L’émotion était à son comble : ce stupéfiant aparté vient la briser, qui fait brusquement passer le public de l’empathie à l’ironie et des larmes au rire. La boucle métadiscursive opérée par le personnage, en même temps qu’elle rompt le fil de l’échange amoureux, opère une brèche dans le « quatrième mur », qui ne compromet certes pas définitivement toute illusion théâtrale, mais prouve tout de même que le but ultime de la pièce n’est pas de l’entretenir et de la préserver. À croire que le plaisir de la complicité sur le dos des personnages l’emporte sur les plaisirs procurés par le « drame » lui-même : celui de la fiction, de l’identification à ses héros, de l’émotion née du spectacle de leur bonheur ou de leur malheur.

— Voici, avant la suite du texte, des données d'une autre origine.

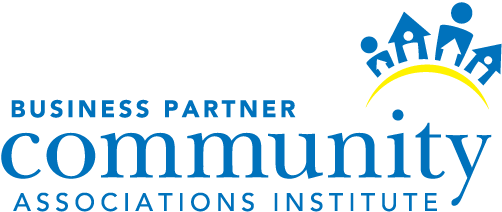 Alliances - Community Associations Institute Logo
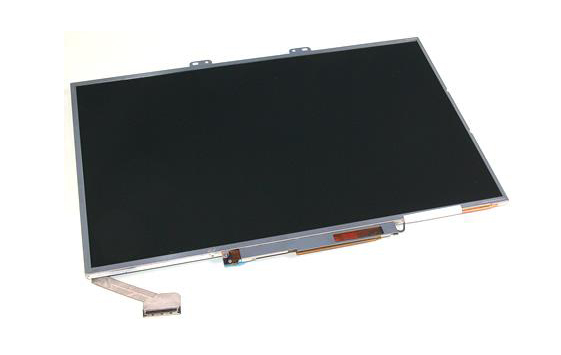 45K6443 | IBM M90Z 23-inch LCD Non-Touch Monitor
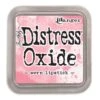 Tim Holtz Distress® Oxide® Ink Pad Worn Lipstick 1 Tim Holtz Distress® Oxide® Ink Pad Worn Lipstick -RANGER ART SUPPLIES TDO56362 WornLipstick 110a6a2e 3a44 423b bd91 57c6f485306f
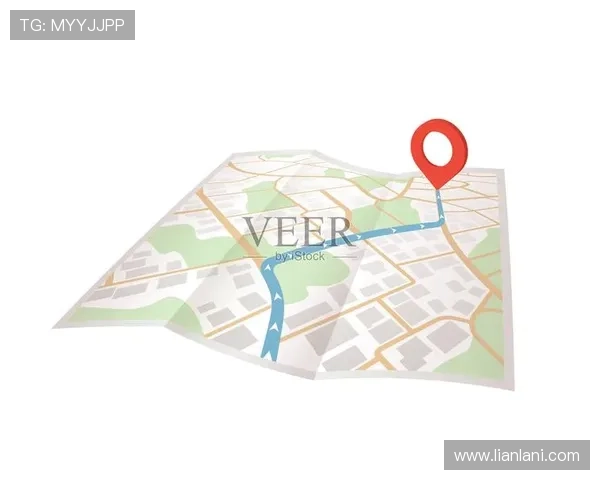 尊龙官网地址官方入口导航，提供详细的登录路径与安全提示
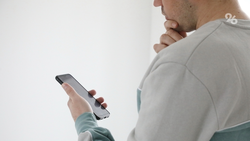 Пятью поддельными документами пытались напугать ставропольцев в сети в 2025 году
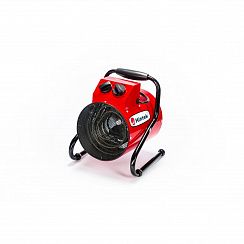 Тепловая пушка Hintek TP-03220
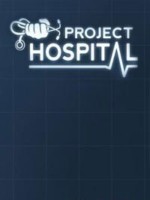 Project.Hospital-GOG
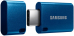  64Gb Samsung MUF-64DA/APC USB 3.2 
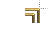 0000083c.cur Preview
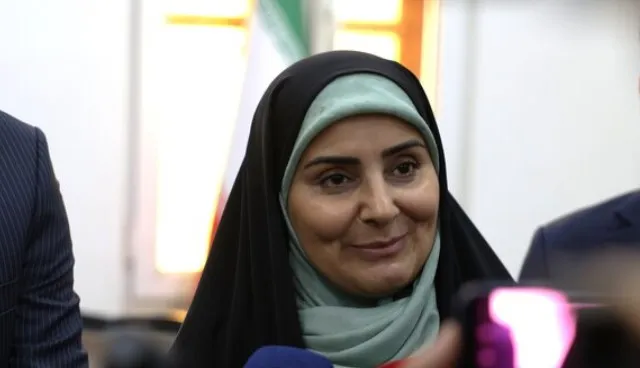 هفدهمین کمیسیون مشترک اقتصادی ایران و آذربایجان برگزار می‌شود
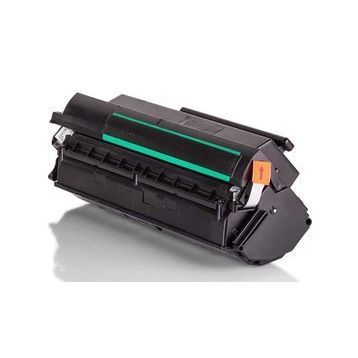 Panasonic UG-3380 Muadil Toner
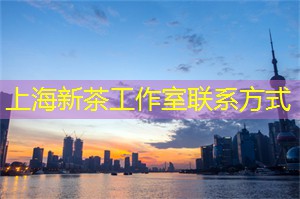 每一天，我们都在成长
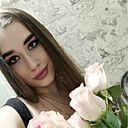 Знакомства: Юлия, 22 года, Новосибирск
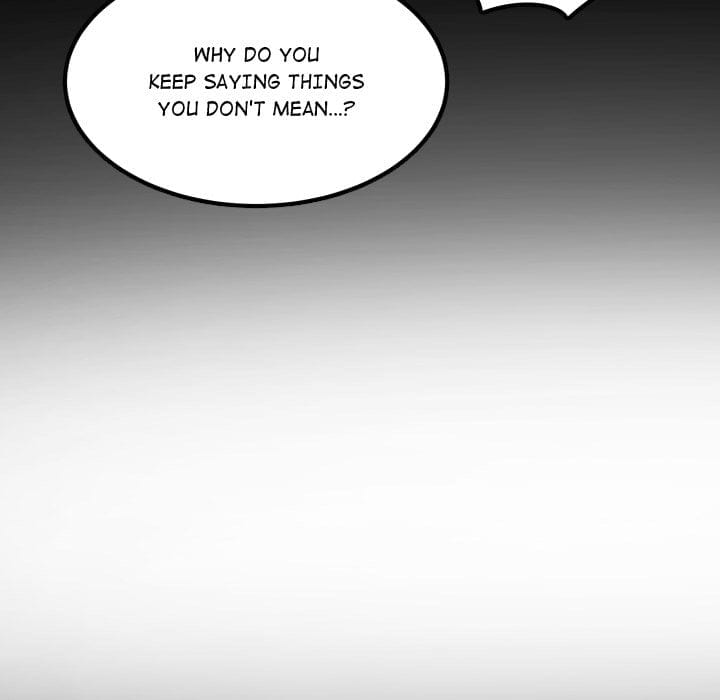Single Room Uncensored, chapter 12, page 49 of 164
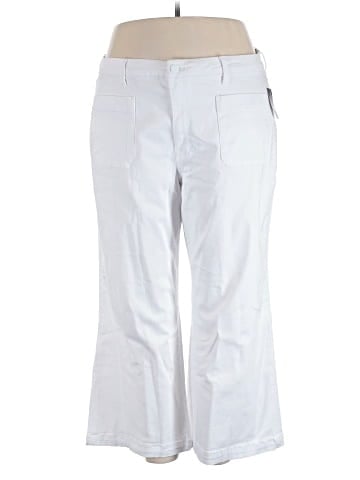 Kut from the Kloth Jeans (view 1)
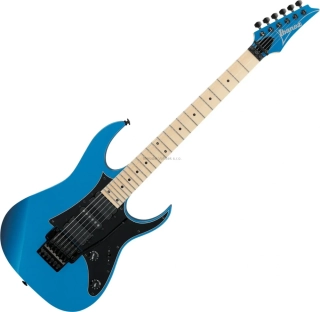 Ibanez RG550-EB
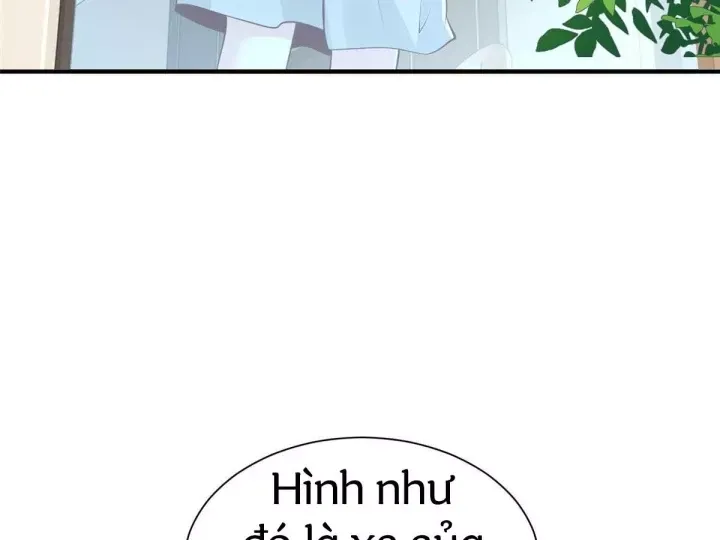 Mỗi Tuần Ta Có Một Nghề Nghiệp Mới Chap 874 - Next Chap 873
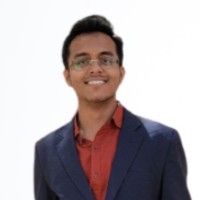 Pawan Kumar J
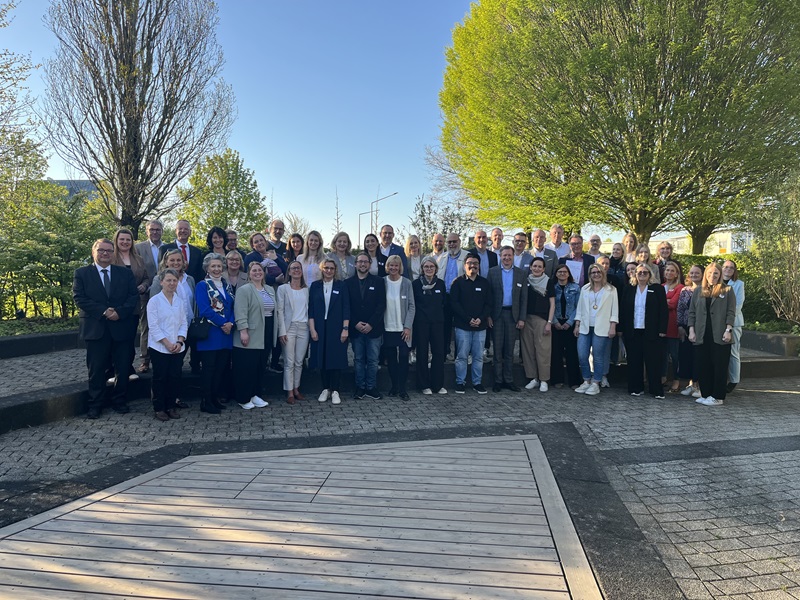 FABELhaft familienfreundlich in Lippe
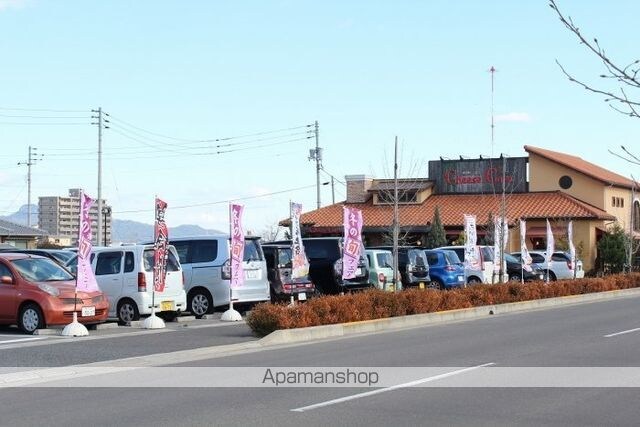 香川県高松市伏石町[1LDK/40.26m2]の周辺4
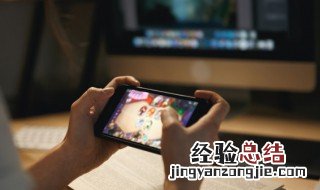和平精英好听的名字英文 和平精英好听的英文昵称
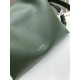 Fashionable people love it! 2024SS Shoulder Bag LOEWE Fashionable people love it! 2024SS Shoulder Bag LOEWE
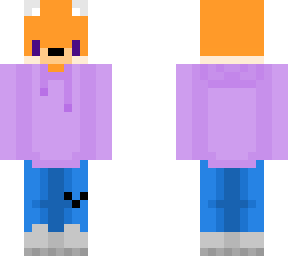 teal with other clothes <3
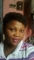 Am bck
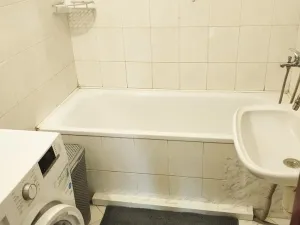 Prodej bytu 3+1, Ostrava - Moravská Ostrava, Hornopolní, 64 m2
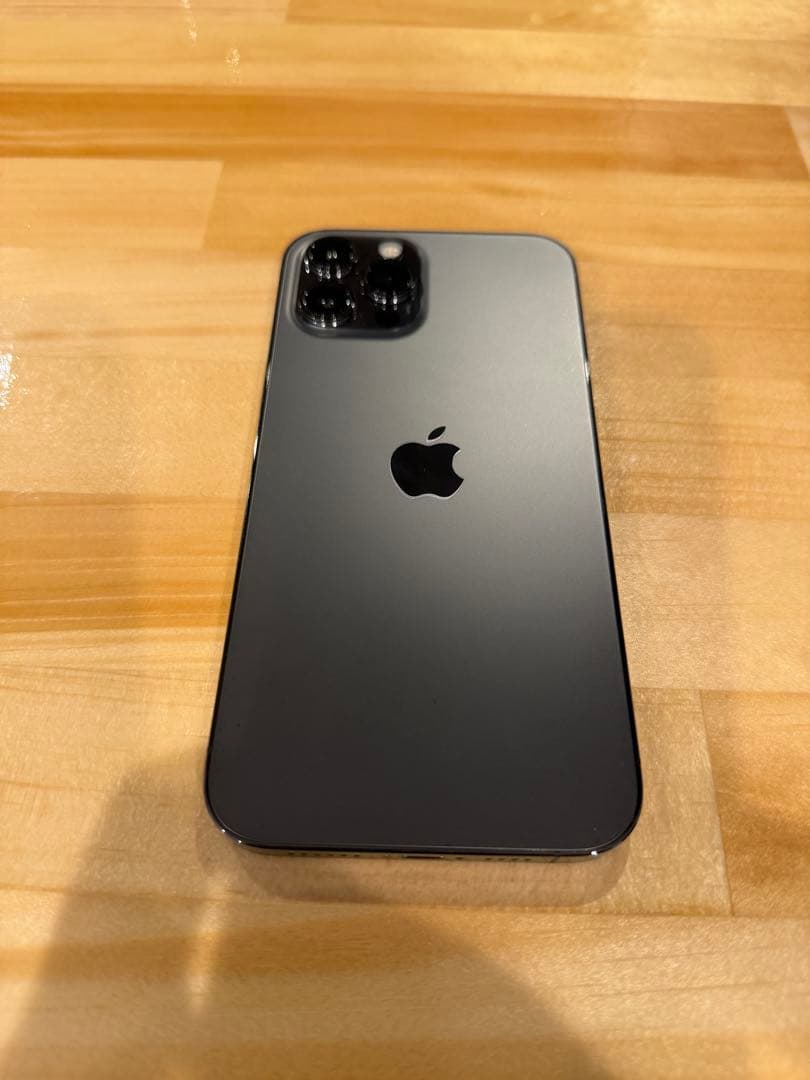 【DCUONG 】Apple iPhone 12 Pro Max256GB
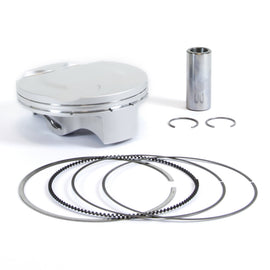 PROX PISTON KIT 01.6433.A-atv motorcycle utv parts accessories gear helmets jackets gloves pantsAll Terrain Depot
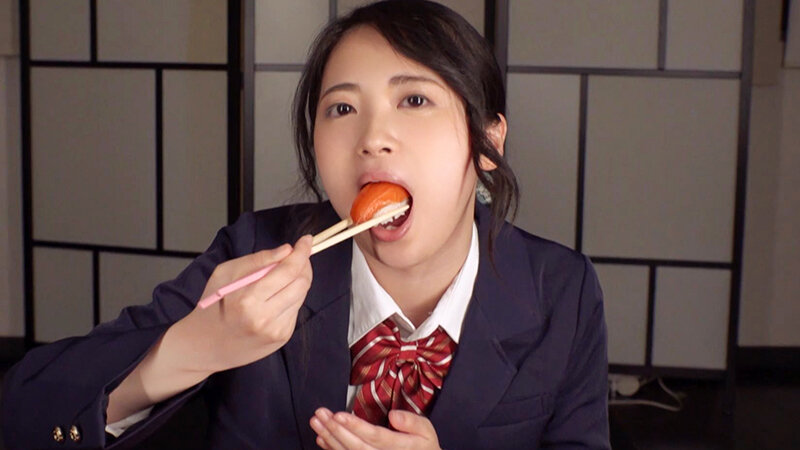 サンプル画像 4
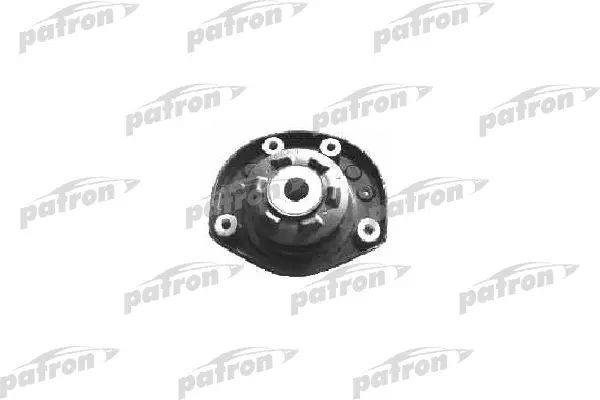 Patron PSE4204 Front Shock Absorber Support PSE4204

Le « drame » tel que le définit Peter Szondi a-t-il jamais existé autrement qu’en théorie ? Le fait est que le théâtre bourgeois d’Augier et de Dumas fils, réputés l’avoir défendu et illustré, en enfreint structurellement l’un des traits constitutifs : le respect du « quatrième mur », qui seul garantit le caractère « absolu » de la fiction dramatique, c’est-à-dire sa clôture et son autonomie. L’accent mis sur la nature théâtrale des événements représentés, l’introduction d’un point de vue sur ces événements, l’interruption du dialogue, sont autant de procédés généralement associés au théâtre épique, dans la mesure où ils favorisent la distanciation en contrariant l’illusion, l’émotion et l’empathie. Comme l’écrit Diderot : « Si, au lieu de se renfermer entre les personnages et de laisser le spectateur devenir ce qu’il voudra, le poète sort de l’action et descend dans le parterre, il gênera son plan[47]. » Rien de moins brechtien, pourtant, que la comédie de moeurs du XIXe siècle. S’il lui arrive de vouloir favoriser des réformes, de plaider pour le divorce, pour la reconnaissance des enfants naturels ou la réhabilitation des filles mères, c’est toujours au nom du système de valeurs partagé par l’auteur, ses personnages et ses spectateurs. Le formidable succès remporté par les deux maîtres du genre auprès du public bourgeois prouve que la descente du poète dans le parterre n’a pas toujours pour but de contester l’ordre du monde. Conjuguer jeu pour le public et jeu avec le public permet aussi de l’approuver et de le consolider, d’un commun accord entre la scène et la salle.